In his decades as a celebrity chef and globe-trotting food journalist, the late Anthony Bourdain gave many great pieces of advice on dining. One of his most famous was a tip in a 1999 New Yorker column about avoiding fish at most restaurants, due to the likelihood of it being improperly refrigerated or not very fresh. He's also weighed in on other, occasionally risky foods: mussels, for example, which he only eats if he "knows the chef personally...[and] has seen how they store and hold their mussels for service" (via Kitchen Confidential). A lesser-known piece of Bourdainian advice, though, concerns a more basic and common food item: the complimentary bread basket. "But what could possibly go wrong with a bread basket?" you ask.

You'd be surprised.
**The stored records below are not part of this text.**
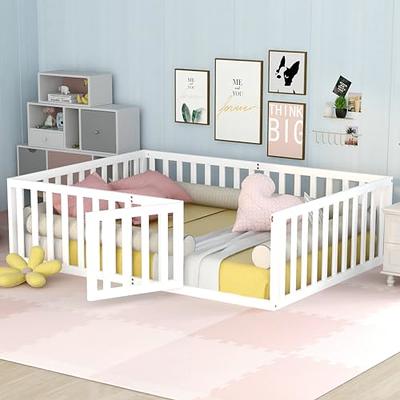 Cuoote Toddler Floor Bed, Montessori Bed with Wood Slats, Suit Toddler Beds  for Toddlers for Girls and Boys, with Fence and Door Twin Size Floor Bed  (White) 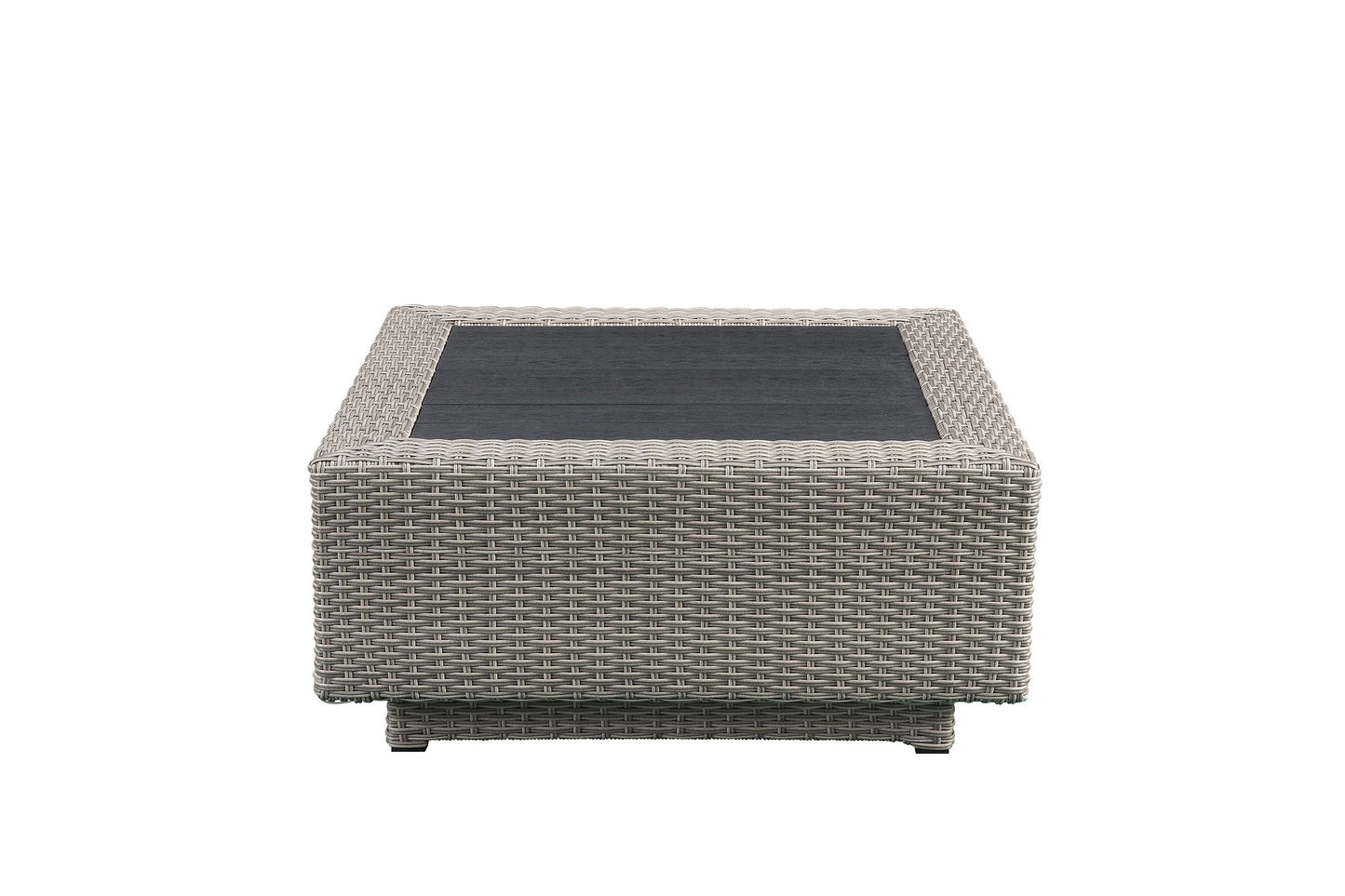 Salena Patio Sectional & Cocktail Table in Beige Fabric & Gray Wicker 45020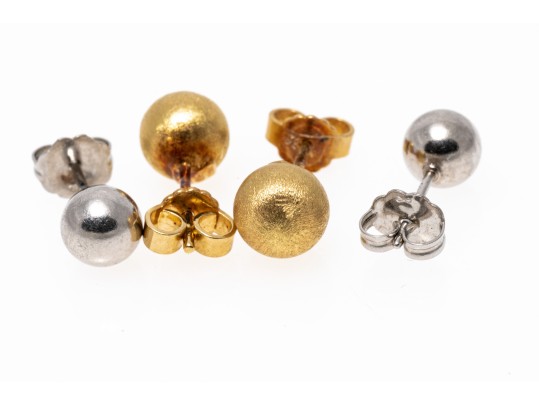 Simple 18K And Platinum Stud Earrings, Two Pairs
For the record, Bourdain does not claim to be a master in the art of baking. "Pastry chefs and bakers know how to do something that I could never do," he confessed to Dominique Ansel in a 2017 exchange (via Food & Wine). But you don't need to be a professional baker to understand why, as Bourdain suggests, eating the complimentary bread at restaurants isn't always a great idea.

An interesting form of recycling

Chances are, the complimentary bread at your table was –– not long ago –– the complimentary bread at someone else's table. Yes, you read that right: most bread baskets are filled with recycled bread. So says Bourdain in his 2000 memoir Kitchen Confidential (via Moneyversed). According to the prolific chef, reuse of complimentary bread isn't just an occasional occurrence, but a "an open secret — and a fairly standard practice — in the industry." It's not difficult to imagine why. "When it's busy, and [the] busboy is crumbing tables, emptying ashtrays, refilling water glasses, making espresso and cappuccino, hustling dirty dishes to the dishwasher –– and he sees a basket full of untouched bread –– most times he's going to use it. This is a fact of life," Bourdain explains.
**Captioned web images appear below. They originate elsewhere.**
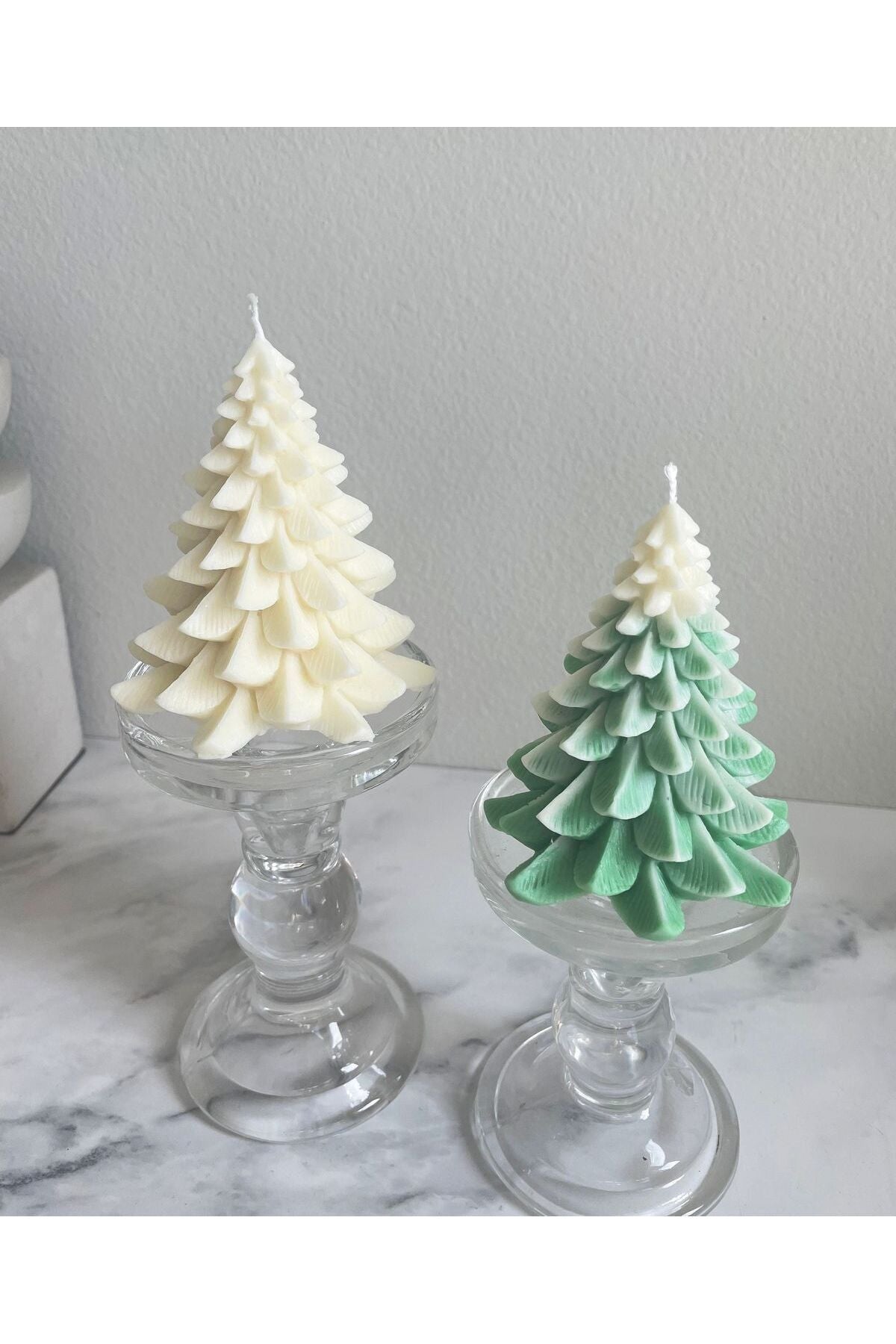 Yılbaşı Temalı Dekoratif Çam Ağacı Mum 10x9 cm Beyaz – görsel 4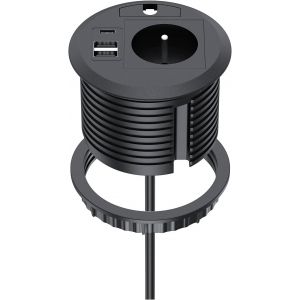 Prise Encastrable avec USB C PD20W, Multiprise Encastrable avec 1 Prise, 1 Port USB C, 2 Port USB A, Multiprise Bureau pour Plan de Travail, Cuisine, Bureau, Meubles, &Oslash; 80MM, 2M C&acirc;ble, Noir - Neuf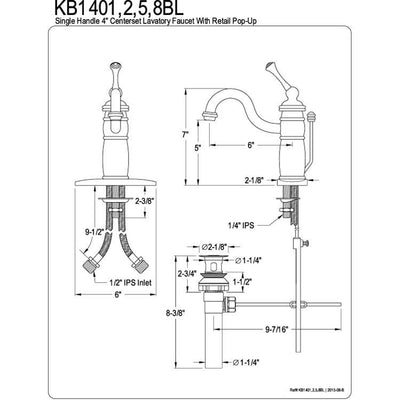 Kingston Brass Chrome Single Handle Bathroom Faucet w Drain KB1401BL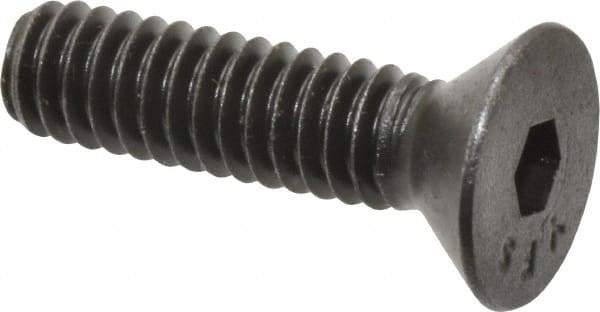 Value Collection - 1/4-20 UNC Hex Socket Drive, 82° Flat Screw - Alloy Steel, Black Oxide Finish, Fully Threaded, 1" OAL - Exact Tool & Supply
Don't get bent out of shape, though — your chances of getting sick from reused table bread are slim. Bourdain himself isn't fazed by the practice, and openly admits to partaking of restaurant bread, per Moneyversed. As Culinary Lore points out, most outbreaks of illness at restaurants (about 70 percent) come from the staff, not the patrons. If there's anyone you should be worried about coming into contact with your bread, it's the person who brought it to you! As Culinary Lore goes on to explain, bread doesn't even make it onto the CDC's list of likeliest sources of contamination in a restaurant –– you'd be better off worrying about poultry or beef.